La lotta tra la vita e la morte. E quella consapevolezza che l’esistenza è sempre in bilico. Perché basta un attimo e tutto può modificarsi. Anche la certezza più solida. Un concetto, quest’ultimo, rilanciato proprio nell’ultima intervista. In quell’occasione, Auster raccontò di essere stato affascinato dall'idea di un momento che cambia la vita a seguito di un incidente d'infanzia. Durante un campeggio estivo, un ragazzo accanto a lui fu colpito e ucciso da un fulmine. Un evento che ha fornito il punto di partenza per il romanzo dal titolo 4 3 2 1. "È stata l'esperienza fondamentale della mia vita. A 14 anni tutto ciò che si vive è profondo. Sei un work-in-progress. Ma essere accanto a un ragazzo che è stato essenzialmente ucciso dagli dei ha cambiato la mia visione del mondo", ha Aster aggiungendo di aver dato per scontato che "le piccole comodità borghesi della mia vita nel New Jersey suburbano del dopoguerra avessero una sorta di ordine.

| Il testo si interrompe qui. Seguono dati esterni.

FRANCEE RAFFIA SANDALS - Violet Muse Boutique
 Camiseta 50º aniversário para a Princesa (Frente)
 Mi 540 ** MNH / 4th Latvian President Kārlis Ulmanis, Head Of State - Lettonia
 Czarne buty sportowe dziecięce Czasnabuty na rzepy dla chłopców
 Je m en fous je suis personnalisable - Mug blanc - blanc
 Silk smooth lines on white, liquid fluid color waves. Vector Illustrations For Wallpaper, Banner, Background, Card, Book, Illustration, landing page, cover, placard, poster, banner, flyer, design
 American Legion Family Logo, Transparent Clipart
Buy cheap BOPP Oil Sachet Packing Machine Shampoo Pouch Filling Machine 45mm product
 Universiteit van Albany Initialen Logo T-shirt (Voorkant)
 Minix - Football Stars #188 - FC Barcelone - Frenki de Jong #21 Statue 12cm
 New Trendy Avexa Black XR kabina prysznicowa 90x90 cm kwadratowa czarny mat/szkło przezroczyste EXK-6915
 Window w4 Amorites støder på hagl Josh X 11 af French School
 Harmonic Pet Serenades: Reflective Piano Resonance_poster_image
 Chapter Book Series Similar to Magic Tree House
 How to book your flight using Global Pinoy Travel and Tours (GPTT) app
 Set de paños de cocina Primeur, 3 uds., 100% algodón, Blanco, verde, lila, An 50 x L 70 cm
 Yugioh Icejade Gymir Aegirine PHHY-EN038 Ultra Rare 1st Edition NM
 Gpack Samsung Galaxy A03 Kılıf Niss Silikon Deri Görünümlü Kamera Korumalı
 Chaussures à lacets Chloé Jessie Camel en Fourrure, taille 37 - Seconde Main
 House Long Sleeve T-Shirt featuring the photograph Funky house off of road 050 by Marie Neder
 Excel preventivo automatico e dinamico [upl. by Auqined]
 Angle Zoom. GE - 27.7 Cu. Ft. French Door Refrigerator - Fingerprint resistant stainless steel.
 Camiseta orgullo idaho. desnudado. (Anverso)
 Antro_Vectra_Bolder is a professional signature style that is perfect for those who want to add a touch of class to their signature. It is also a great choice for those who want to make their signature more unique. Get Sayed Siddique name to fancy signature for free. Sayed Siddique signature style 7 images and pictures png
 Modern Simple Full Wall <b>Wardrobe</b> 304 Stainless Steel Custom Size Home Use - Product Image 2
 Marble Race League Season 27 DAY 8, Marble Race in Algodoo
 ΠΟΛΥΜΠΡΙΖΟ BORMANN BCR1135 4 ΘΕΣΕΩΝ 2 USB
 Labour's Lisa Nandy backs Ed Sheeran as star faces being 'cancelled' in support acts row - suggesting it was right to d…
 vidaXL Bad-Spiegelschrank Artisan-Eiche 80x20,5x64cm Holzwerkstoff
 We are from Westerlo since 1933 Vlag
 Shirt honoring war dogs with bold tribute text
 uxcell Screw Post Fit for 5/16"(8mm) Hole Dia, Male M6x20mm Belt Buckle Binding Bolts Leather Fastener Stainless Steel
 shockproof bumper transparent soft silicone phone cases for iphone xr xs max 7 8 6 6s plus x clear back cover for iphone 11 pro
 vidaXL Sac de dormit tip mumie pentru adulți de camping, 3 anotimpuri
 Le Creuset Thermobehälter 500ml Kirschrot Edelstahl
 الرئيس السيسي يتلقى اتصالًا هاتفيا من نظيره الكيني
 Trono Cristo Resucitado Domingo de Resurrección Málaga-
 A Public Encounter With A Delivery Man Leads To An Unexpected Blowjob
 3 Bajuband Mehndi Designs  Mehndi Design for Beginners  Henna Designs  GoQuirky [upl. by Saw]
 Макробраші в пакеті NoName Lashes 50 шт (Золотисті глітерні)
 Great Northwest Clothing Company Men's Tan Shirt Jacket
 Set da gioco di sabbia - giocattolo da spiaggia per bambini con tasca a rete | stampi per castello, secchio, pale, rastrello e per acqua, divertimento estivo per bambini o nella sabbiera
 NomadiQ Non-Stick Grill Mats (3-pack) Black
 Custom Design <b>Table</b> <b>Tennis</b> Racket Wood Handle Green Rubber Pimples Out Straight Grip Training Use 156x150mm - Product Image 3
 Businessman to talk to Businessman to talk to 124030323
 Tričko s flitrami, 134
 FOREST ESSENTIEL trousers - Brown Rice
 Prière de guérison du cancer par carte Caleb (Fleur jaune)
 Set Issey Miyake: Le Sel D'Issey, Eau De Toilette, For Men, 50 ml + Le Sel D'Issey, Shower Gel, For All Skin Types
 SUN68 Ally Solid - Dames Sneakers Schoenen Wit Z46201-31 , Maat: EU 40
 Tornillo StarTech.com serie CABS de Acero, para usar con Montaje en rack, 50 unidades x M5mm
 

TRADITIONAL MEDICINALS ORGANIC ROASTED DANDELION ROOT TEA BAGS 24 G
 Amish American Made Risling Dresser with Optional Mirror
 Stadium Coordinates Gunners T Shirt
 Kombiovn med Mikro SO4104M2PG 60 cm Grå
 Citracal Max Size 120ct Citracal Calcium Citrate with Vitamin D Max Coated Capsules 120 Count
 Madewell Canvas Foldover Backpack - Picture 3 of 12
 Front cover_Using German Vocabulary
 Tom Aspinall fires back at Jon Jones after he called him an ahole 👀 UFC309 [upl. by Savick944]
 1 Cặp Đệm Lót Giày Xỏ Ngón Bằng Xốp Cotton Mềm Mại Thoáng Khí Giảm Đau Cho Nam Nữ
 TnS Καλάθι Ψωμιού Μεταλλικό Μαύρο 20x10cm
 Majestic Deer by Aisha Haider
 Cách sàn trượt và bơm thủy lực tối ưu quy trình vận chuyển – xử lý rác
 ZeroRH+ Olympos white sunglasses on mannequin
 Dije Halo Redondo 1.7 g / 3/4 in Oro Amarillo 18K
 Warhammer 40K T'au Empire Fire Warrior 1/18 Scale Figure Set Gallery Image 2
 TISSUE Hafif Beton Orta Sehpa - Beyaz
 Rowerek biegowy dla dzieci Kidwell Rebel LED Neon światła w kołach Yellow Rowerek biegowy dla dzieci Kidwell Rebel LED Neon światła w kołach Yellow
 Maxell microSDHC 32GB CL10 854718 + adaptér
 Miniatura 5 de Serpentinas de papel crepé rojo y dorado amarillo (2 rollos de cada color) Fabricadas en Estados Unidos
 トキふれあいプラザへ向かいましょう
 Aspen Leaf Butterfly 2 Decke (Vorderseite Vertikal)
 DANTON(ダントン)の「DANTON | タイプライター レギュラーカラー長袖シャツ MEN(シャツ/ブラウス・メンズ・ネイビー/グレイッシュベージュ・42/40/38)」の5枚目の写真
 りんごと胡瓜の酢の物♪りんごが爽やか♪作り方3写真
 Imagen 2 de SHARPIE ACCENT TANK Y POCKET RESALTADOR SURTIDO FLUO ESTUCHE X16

E poi mi resi conto che nulla aveva quel tipo di ordine".

Da allora Auster ha ammesso di aver vissuto con questo pensiero. “È agghiacciante – aveva concluso- ma anche liberatorio. Ti tiene sulle spine.

E se riesci a imparare questa lezione, allora certe cose nel mondo sono più sopportabili di quanto sarebbero state altrimenti. Credo che l'impulso a scrivere e raccontare storie sia diverso per ogni scrittore. Ma credo che questa sia l'essenza di ciò che ho fatto in tutti questi anni".